Organization: Edith and Carl Marks Jewish Community House of Bensonhurst, Brooklyn, NY

Grant Year: 2012

Project Director: Ms. Gelena Blishteyn

Type of Grant: Signature

Grant Amount: $140,000 ( 3 years)

Website: http://www.jchb.org/

Camping
Community Connections
Family Education
Informal Education

To support Camp Tussovka, which will enable Russian-speaking Jewish families to explore pathways to Jewish living, integrate unique aspects of their Russian heritage into Jewish life, and form lasting ties with other Jewish families in an immersive, experiential Jewish learning environment.

The Edith and Carl Marks Jewish Community House of Bensonhurst (Marks JCH) has successfully implemented Camp Tussovka, a Jewish family education initiave designed to engage young Russian-speaking Jewish (RSJ) families in Jewish life in a culturally-sensitive manner that respects and integrates their Russian heritage, introduces new avenues for Jewish living and celebration, and creates a sense of community among these families.

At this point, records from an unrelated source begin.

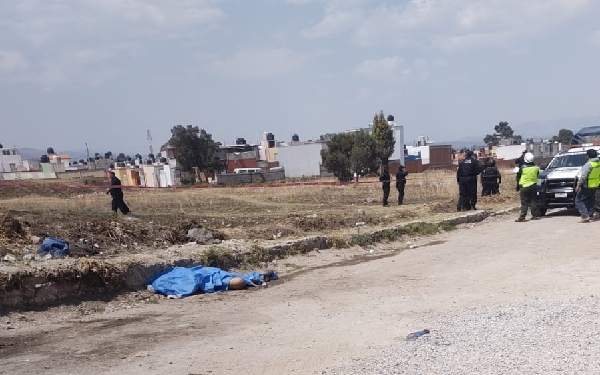 Albañiles y pobladores matan a golpes a presunto ladrón, en Santa Cruz Tlaxcala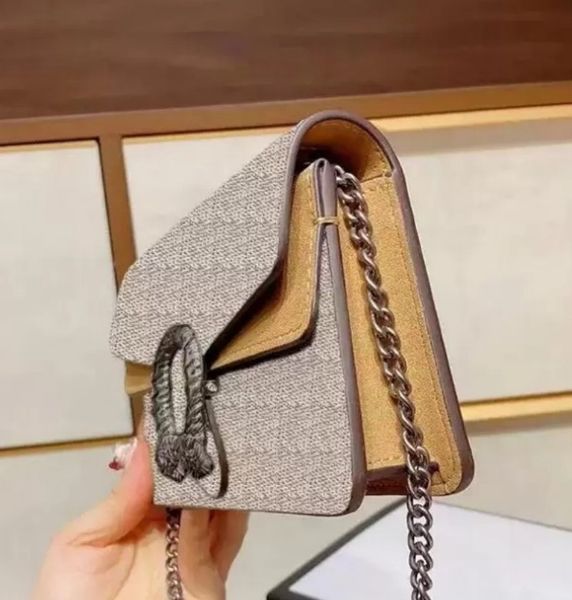 designer backpack luxurys messenger crossbody bag classical shoulder bags love heart v wave pattern satchel crossbody shopping purse clutche
designer backpack luxurys messenger crossbody bag classical shoulder bags love heart v wave pattern satchel crossbody shopping purse clutche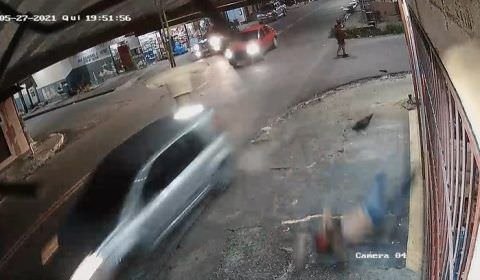 Câmera de segurança mostra momento exato que mulher é atropelada no Aleixo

Many of the participating families, while they consider themselves “Russian Jews” and want their children to grow up Jewishly, had not previously affiliated with any Jewish institutions or groups. They were, for the most part, unfamiliar with Jewish practice and communal involvement and/or did not have the tools to integrate Jewish living and communal connections into their family life. Camp Tussovka has offered an opportunity for affiliation, and given families tools and connections to develop relationships with other RSJ families.

Camp Tussovka programs have been connecting RSJ families to the modern Jewish community through discovering of their family history and heritage, involvement in multi-generational, camp-style Shabbat and holiday celebrations, day trips, art and music festivals, volunteering opportunities, movies about Jewish history and Jewish life in Soviet Union, book readings, and much more, all under the rubric of Jewish family camp. For many years now, the Marks JCH has been providing a compelling experiential Jewish education program for the children of these families through our summer day camp and related year-round programming. Camp Tussovka is enabling us to build on parents’ acceptance of their children being exposed to Jewish life in camp by moving from child-centered programming to family-centered programming. Using the idea of camp removes any threat parents may feel from previous attempts at more formal approaches to adult Jewish education.

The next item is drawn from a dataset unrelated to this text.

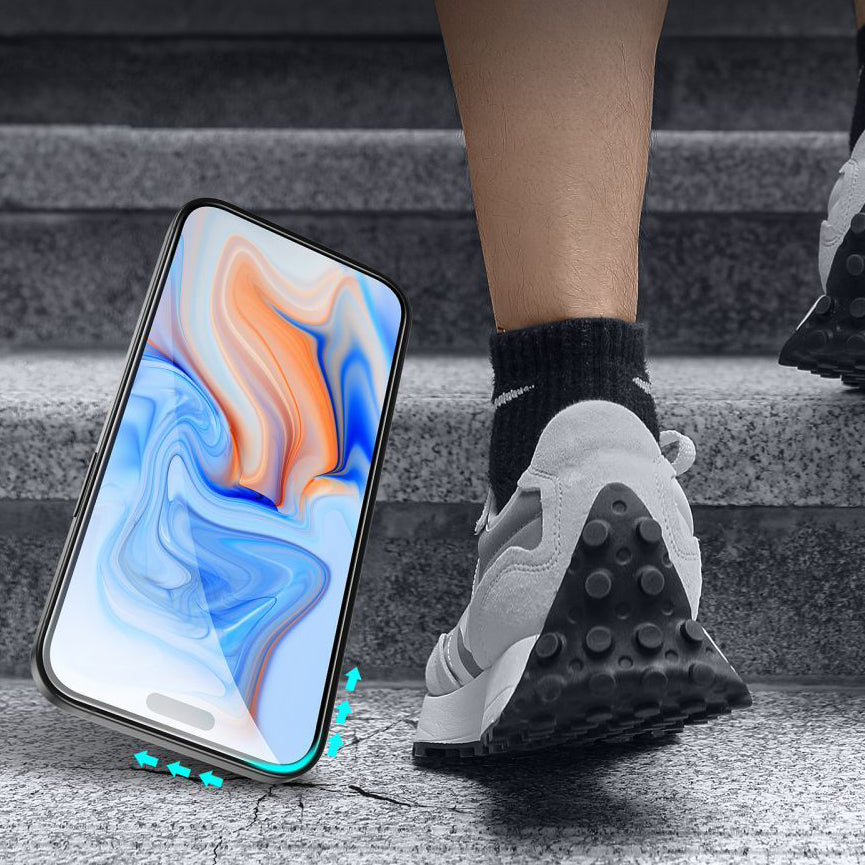 Schutzglas ESR Tempered Glass für iPhone 15, 2 Stück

Camp Tussovka has also provided families with the opportunity to learn with and from each other’s history as the RSJ community is diverse in itself; we know that Jewish families from Ukraine have been learning from Jewish families from Bukhara, younger families hear WW II stories from older members of the group, and immigration stories from different waves of Russian-speaking immigration to the United States are shared. In particular, more “veteran” families who came in the 1990s are sharing stories with families who first made aliyah, and following challenging absorption experiences, are on their second emigration here in the US. Looking ahead, we see Camp Tussovka experiences thus far as a solid foundation on which to build new connections between RSJ families from Brooklyn with the larger NY area American Jewish Community.